Now, at the race track that system will make you lose money, because you won't win enough money to pay for your losing bets. The race track takes their share, to stay in business. And that's why betting on horses is a poor way to invest your money unless you're super good both at picking race winners and understanding the odds.
However, in financial investments the line between winners and losers is not so obvious, and that's good.
Just because one company is a winner, doesn't make other companies losers. If they're all making money, then the stock prices of all of them can go higher.
And you can make money by betting on all of them.
That's investment diversification
Say you're convinced the biotech sector is about to boom and you find five companies that look good.
You can buy shares in all five. Or pick the one you think will do the best.
It's true that if you pick the one that will do the best and you're right, you'll make the most money.
But what if that one company is the one where the chief research scientist dies of a heart attack or is closed down by the FDA? You've lost all your money
You just cannot know the future
So it's much smarter to put some money on all five of those biotech companies.
That way, if one fails, but the other four make money, you'll probably still make money. That's some diversification of investments. Even better is to spread your money out among many types of industries.

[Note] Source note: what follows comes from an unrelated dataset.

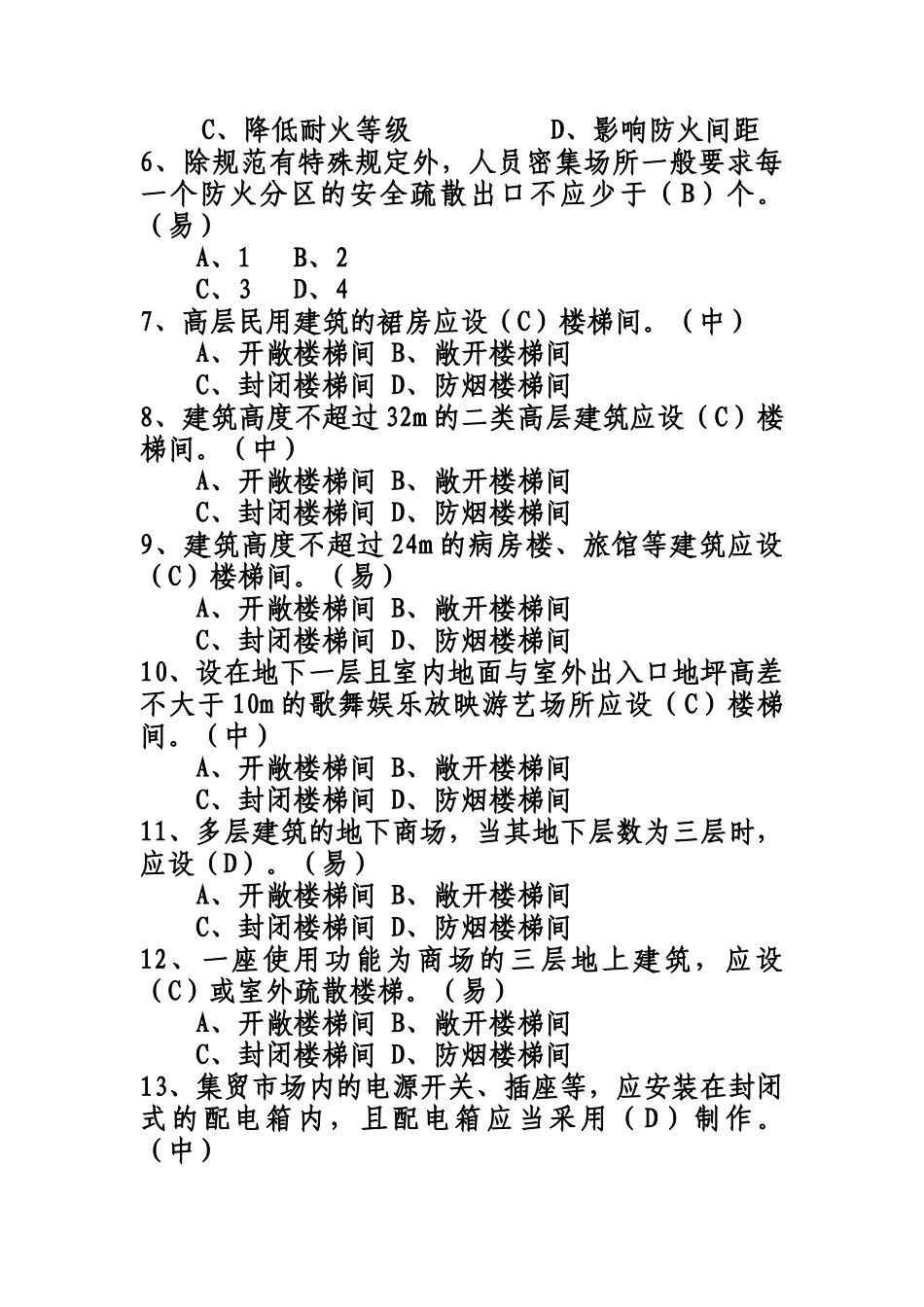 人力资源-2人员密集场所的消防监督检查_第2页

Diversification applies to many types of investments. You should never place all your money in any one investment unless you're just starting out and you have only a little money anyway.
If you spread your buying out among stocks, that's stock market diversification. You can also include bond diversification, diversification of mutual funds and market diversification and financial diversification of all all kinds.
Again, it's important to understand that diversification strategies are a "lose less" -- not a "win more."
Markowitz diversification is intended to keep us from losing all our portfolio at any one time -- because all financial investments have some volatility.